[Records from a collection]
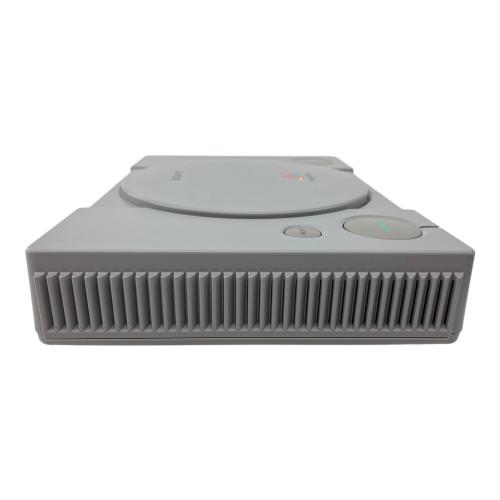 SONY (ソニー) PlayStation SCPH-5500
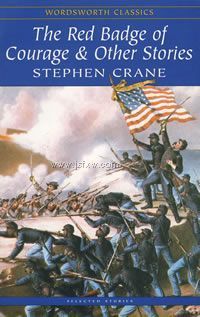 ��ɫӢ��ѫ�� THE RED BADGE OF COURAGE &OTHER STORIES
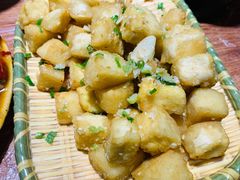 -猫姑娘大盘鸡(商城路店)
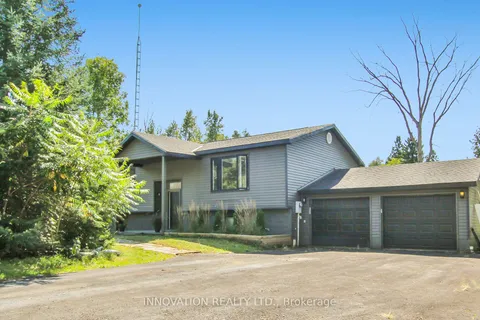 2466 ASHTON STATION Road, ON K0A 1B0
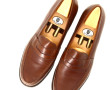 JM WESTON - Paire de mocassins femme, mo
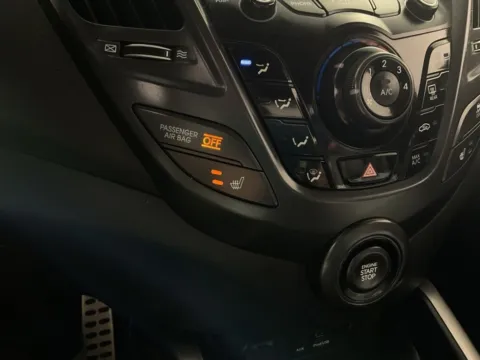 More photos of 2013 Hyundai Veloster Turbo at Don Wood Toyota, OH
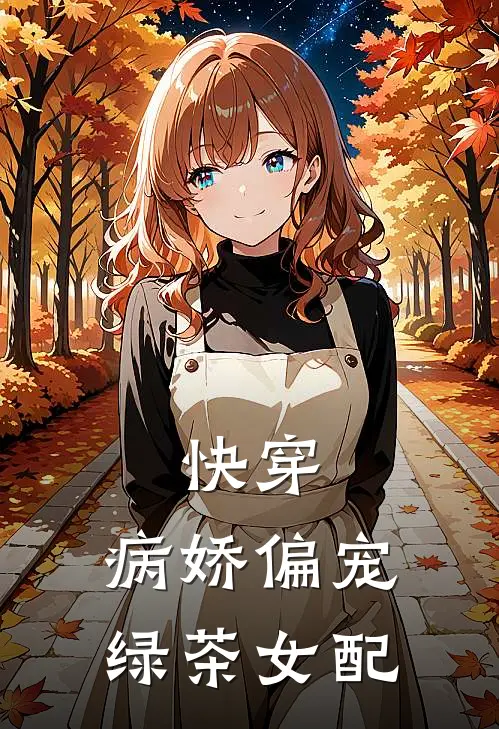 快穿病娇偏宠绿茶女配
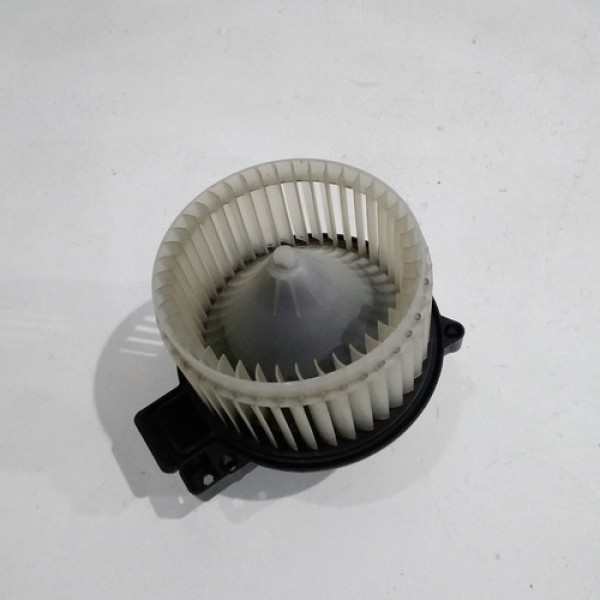 Eletroventilador Ford Fusion 2008 52533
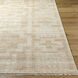 Kunal 168 X 120 inch Pearl / Natural Handmade Rug in 10 x 14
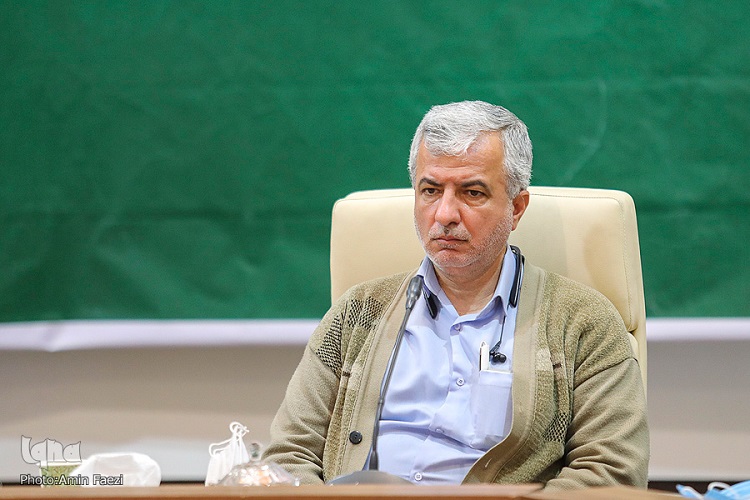 محمدحسین اسلامی، مدیرعامل اتحادیه تشکلهای قرآنی فارس محمدحسین اسلامی، مدیرعامل اتحادیه تشکلهای قرآنی فارس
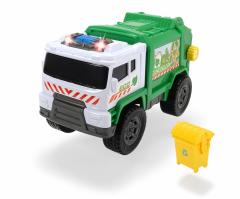 Jucarie - Masina pentru gunoi / Garbage Truck
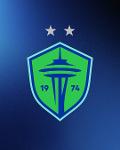 Seattle Sounders Logo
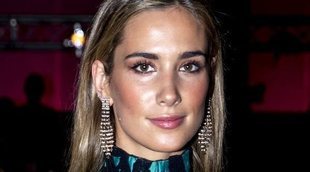 María Pombo recibe una triste noticia antes de dar a luz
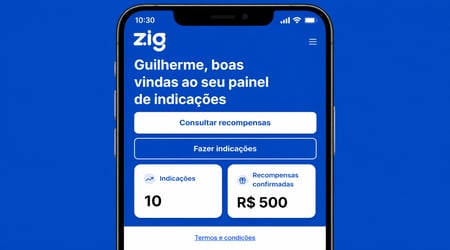 Painel do Embaixador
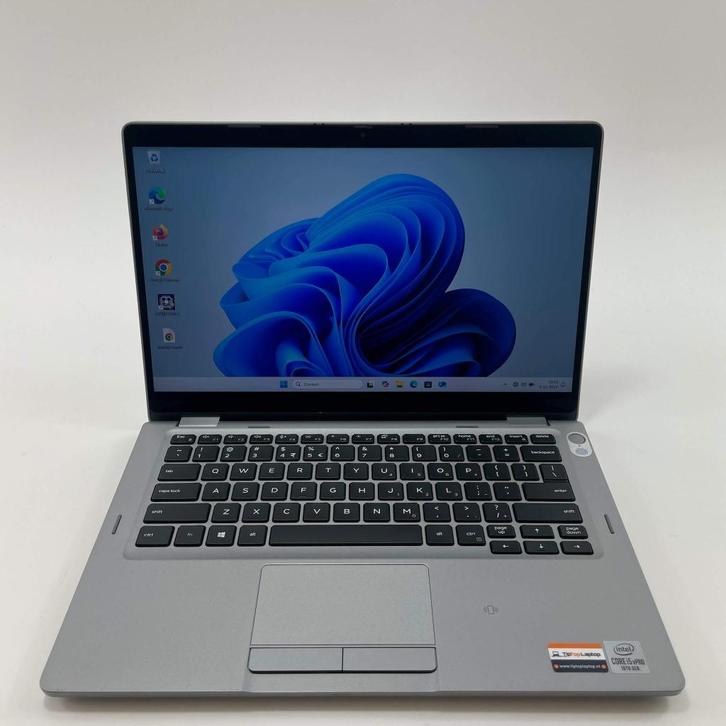 Dell latitude 5310 2-in-1 – Core i5 – 16GB RAM - 256GB SSD, Computers en Software, Windows Laptops, Refurbished, 13 inch, SSD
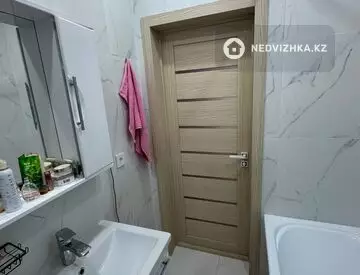 1-комнатная квартира, этаж 3 из 4, 30 м², миниатюра 7
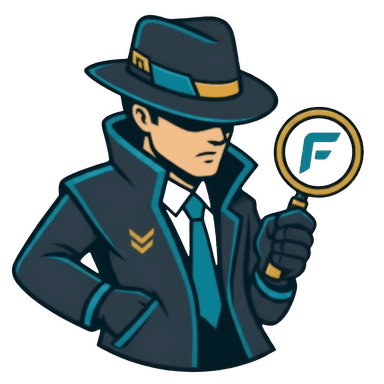 Hunter Pro scanner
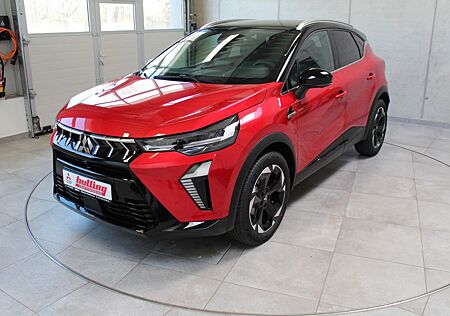 Mitsubishi ASX Intro Edition 1.3 T-Benziner 7-DCT Automatik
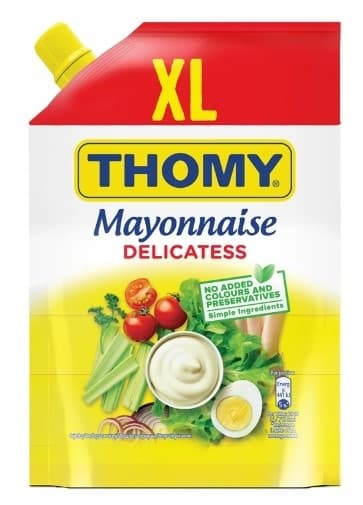 Majonez THOMY doypack 380g-slika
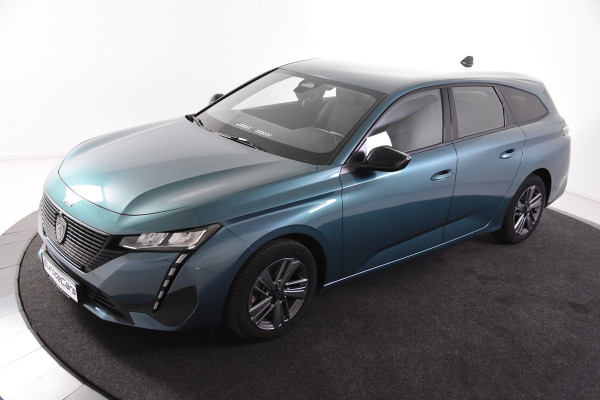 Peugeot 308 SW Allure 130 *1ste Eigenaar*Navigatie*Carplay*PDC*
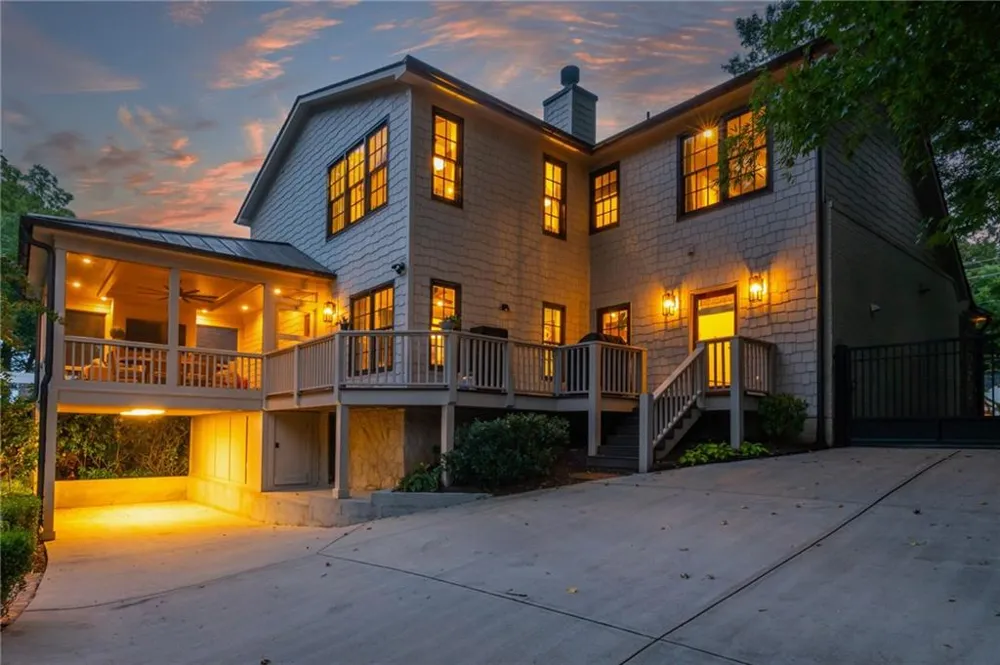 1156 E Rock Springs Road NE Atlanta, GA 30306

PROBLEM TO WORK ON: Repeat, with no pictures, each line from the beginning of the data through the line containing "محمدحسین اسلامی، مدیرعامل اتحادیه تشکلهای قرآنی فارس محمدحسین", inclusive.

ANSWER TO THE PROBLEM:
 SONY (ソニー) PlayStation SCPH-5500
 ��ɫӢ��ѫ�� THE RED BADGE OF COURAGE &OTHER STORIES
 -猫姑娘大盘鸡(商城路店)
 2466 ASHTON STATION Road, ON K0A 1B0
 JM WESTON - Paire de mocassins femme, mo
 More photos of 2013 Hyundai Veloster Turbo at Don Wood Toyota, OH
 快穿病娇偏宠绿茶女配
 Eletroventilador Ford Fusion 2008 52533
 Kunal 168 X 120 inch Pearl / Natural Handmade Rug in 10 x 14
 محمدحسین اسلامی، مدیرعامل اتحادیه تشکلهای قرآنی فارس محمدحسین اسلامی، مدیرعامل اتحادیه تشکلهای قرآنی فارس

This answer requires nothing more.